Hello, my name is Arlene J. Martinez and I go by my middle name which is Jackie. I was born in Mexico and raised in the heart of Los Angeles. I am Chicana/o studies major, and I recently transfer from East Los Angeles College. I have two Associated Degrees from Los Angeles City College, one in Liberal Arts and the other one in Child Development. I have studied different subjects, like fashion design and marketing, theatre, journalism, child development and now Chicano/a Studies. I was a preschool teacher for many years; however, now I want to pursue my career as a school counselor or maybe as an elementary teacher.

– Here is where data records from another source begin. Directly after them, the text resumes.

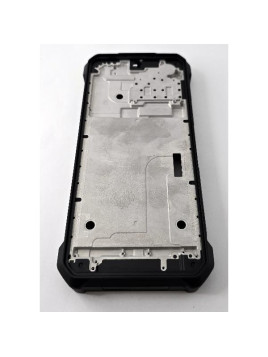 Carcasa o marco frontal negro para Unihertz 8849 Tank 3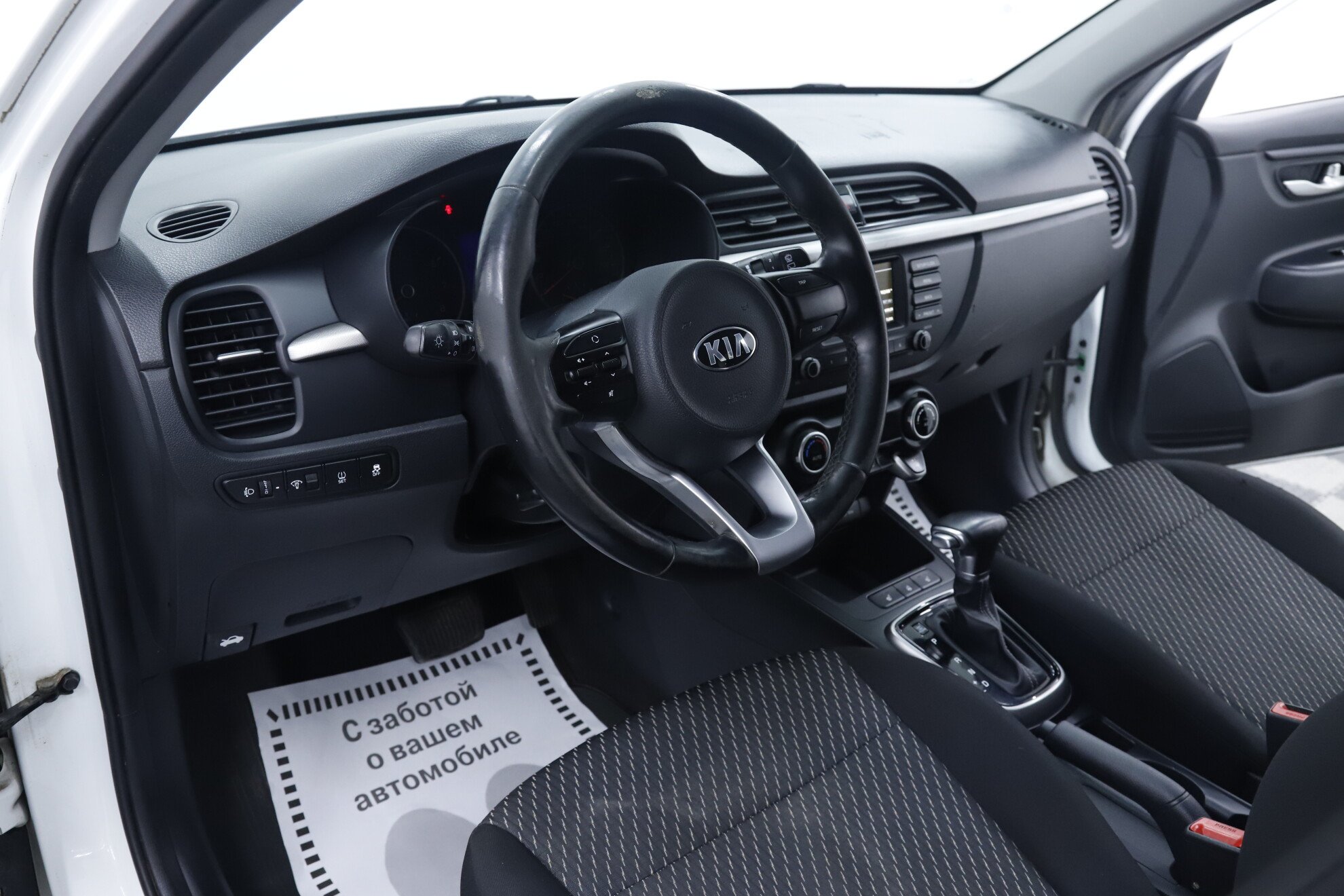 Kia Rio, IV, 2018 фото 7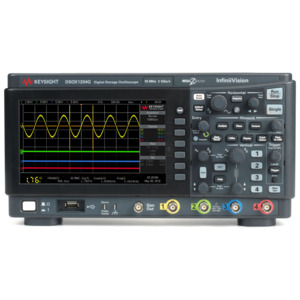 KEYSIGHT TECHNOLOGIES DSOX1204G. Digital Oscilloscope, InfiniiVision 1000 X  Series, 4 Channel, 70 MHz, 2 GSPS, 1 Mpts, 5 ns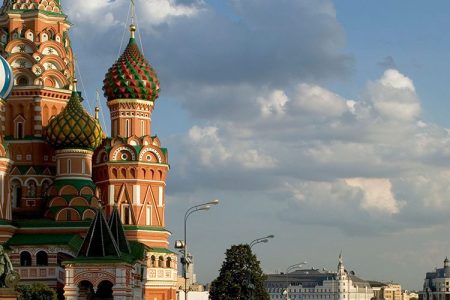 Moscow's Red Square.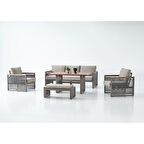 Nevada Alüminyum Bahçe Oturma Grubu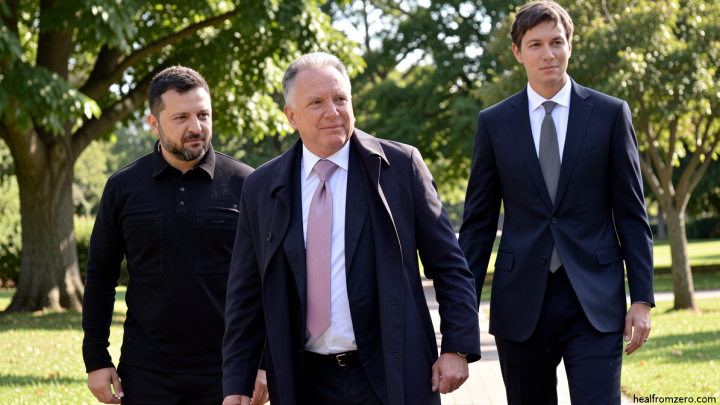 Witkoff and Kushner arrive in Kyiv for second leg of US diplomacy push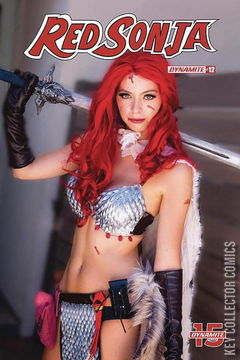 Variant Cover for Red Sonja #12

I took a long break from school when I gave birth to my lovely 3 ½ year old baby girl Sofia, who has my Mexican blood and her dad’s Salvadorian blood “watch out”. She is my heart and my inspiration in life. While it has been a little bit hard to come back to school after spending most of my time with her, it will be okay once I adjust again to the whole school routine. She is also starting school this year oh my “que nervios”. I had once thought about giving up school, but my best friend who is also my younger sister, Odeth encouraged me to continue. She has been my motivator, while she is supposed to look up to me, instead I look up to her. I admired her “ganas” to finished school and I am going to do the same. No one is going to tell me that I’m too old to be in school or that studying Chicano/a Studies is worthless; trust me I hear this often, but I am not listening. I will continue planning my future graduation from csudh and my wedding, yes I just got engaged too.
Hi friends! My name is Gabriela Corona and I am currently a fourth year McNair Scholar, Chicana/o studies major and Anthropology minor at CSUDH. There are times where I feel as though I am not interesting enough to write about but I am trying! Here we go.
I am the youngest daughter of Mexican and Salvadoran immigrant parents. I have lived in South Central Los Angeles all my life and my love for this community continues to grow everyday. As a child, my social skills caused me to feel lonely and out of place in school environments. My mother bought me first Harry Potter book at age seven and I have been a passionate literature lover since then. Soon, I started to talk more with people. As I got older, I realized how fun it was to talk to people within my neighborhood. Everyone had a different story to tell which helped me realize how rich in experience my people were.
I always knew I wanted to write and teach for a living. I did not know I was going to achieve this but I was determined to try. During my first year of college, I was certain that my major English was permanent and Ideal for me. That all changed when I enrolled in my first Chicana/o studies course. Dr. Corina Benavides Lopez lectured our class from the importance of recognizing Latina/o communities around us and how we should be proud of identifying with this population, too. I was immediately inspired. Since then, I was determined to apply my passions for writing and teaching within the field of Chicana/o studies.
During my second year of college, I was admitted into the McNair Scholars Program at CSUDH. This program has helped me develop a strong love for social justice research. Over the past two years, my research has focused on implementing LGBTQ relevant history within K-12 curriculum in order to reduce homophobic harassment and violence among youth. My research was inspired by the murder of Larry King from Oxnard, CA and the suicide of Ronin Shimizu from Folsom, CA. In the near future, I will begin researching homophobic activity within juvenile detention centers, prisons, and the foster care system.
I want to publish articles and books about my research in the upcoming years. After completing my doctoral degree, I hope to return to DH and be the kind of professor that inspires students just like Dr. Benavides Lopez inspired me.